Data follows below. Repeat exactly the lines between the line holding "Sara de Subsuelo, ganadora" and the line holding "Spacious Ground Floor", inclusive, and nothing more; drop pictures.

→ **Task inputs**:
BEGIN

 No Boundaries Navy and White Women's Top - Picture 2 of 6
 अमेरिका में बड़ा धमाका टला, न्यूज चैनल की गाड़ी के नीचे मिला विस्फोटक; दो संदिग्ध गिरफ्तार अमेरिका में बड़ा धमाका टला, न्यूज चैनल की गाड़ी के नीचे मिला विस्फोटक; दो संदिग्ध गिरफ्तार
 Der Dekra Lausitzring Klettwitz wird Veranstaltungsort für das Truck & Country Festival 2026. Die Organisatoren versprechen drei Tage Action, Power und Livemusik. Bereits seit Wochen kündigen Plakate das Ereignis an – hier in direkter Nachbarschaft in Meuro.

END
BEGIN

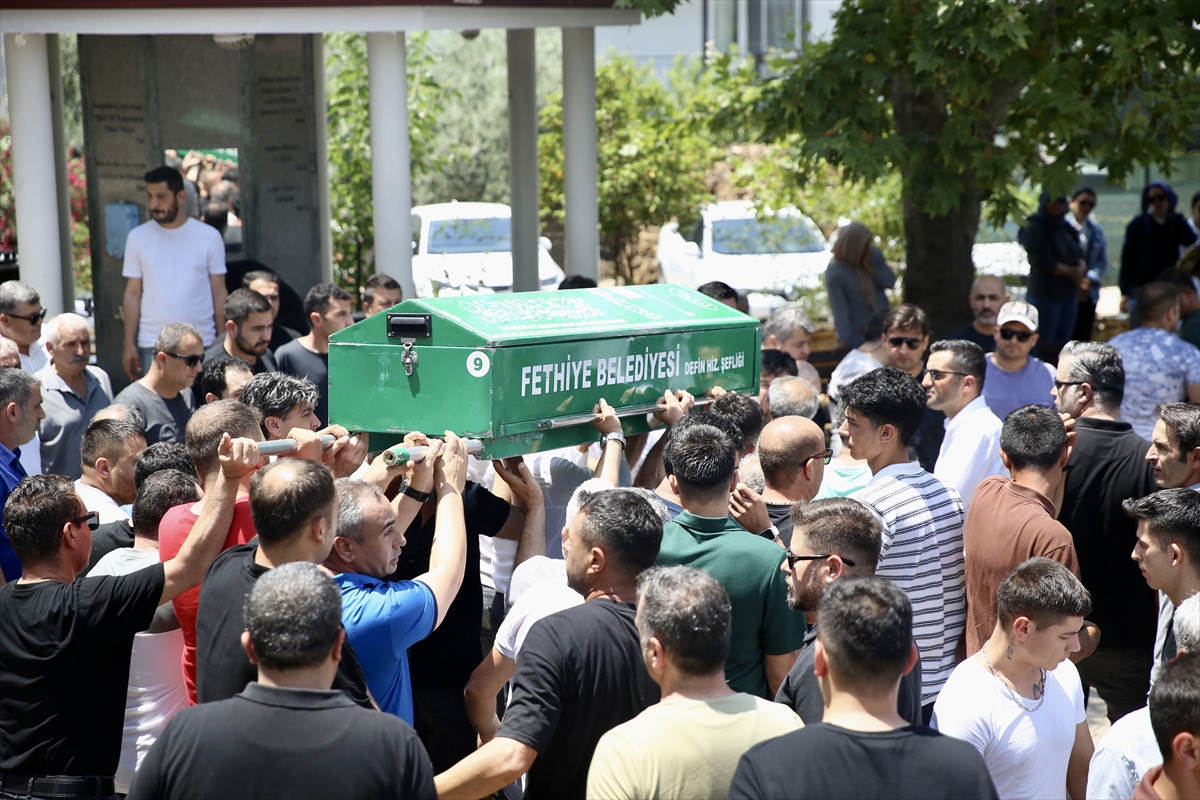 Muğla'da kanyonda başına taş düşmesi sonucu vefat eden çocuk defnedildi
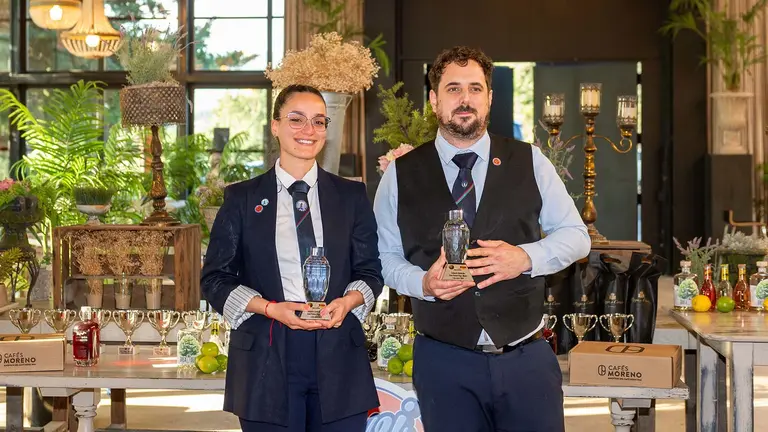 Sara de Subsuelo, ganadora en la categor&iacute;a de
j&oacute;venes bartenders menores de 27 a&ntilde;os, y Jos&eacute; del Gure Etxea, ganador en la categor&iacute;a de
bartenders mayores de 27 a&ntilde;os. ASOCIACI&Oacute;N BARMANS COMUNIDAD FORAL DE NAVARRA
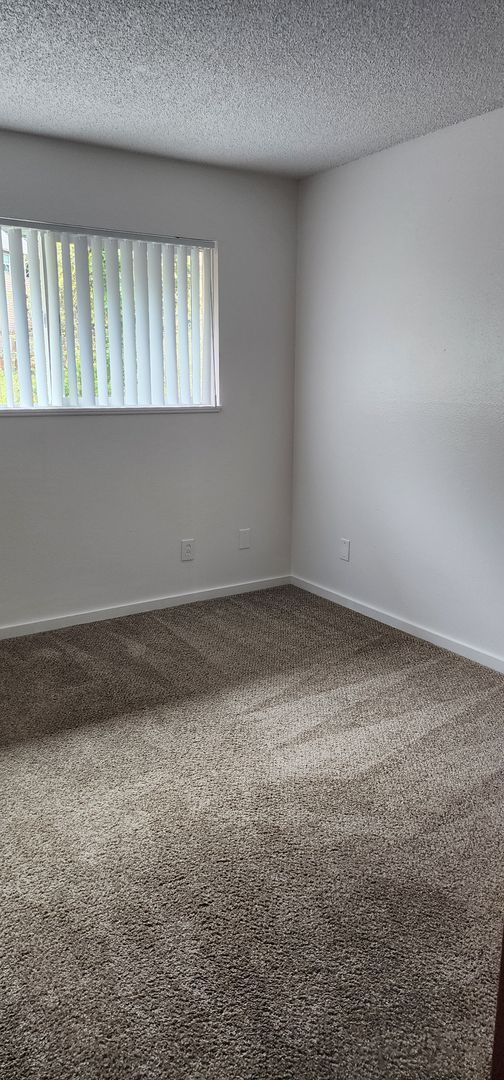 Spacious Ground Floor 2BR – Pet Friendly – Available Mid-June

END

→ **Written answer**:
 Sara de Subsuelo, ganadora en la categor&iacute;a de
j&oacute;venes bartenders menores de 27 a&ntilde;os, y Jos&eacute; del Gure Etxea, ganador en la categor&iacute;a de
bartenders mayores de 27 a&ntilde;os. ASOCIACI&Oacute;N BARMANS COMUNIDAD FORAL DE NAVARRA
 Spacious Ground Floor 2BR – Pet Friendly – Available Mid-June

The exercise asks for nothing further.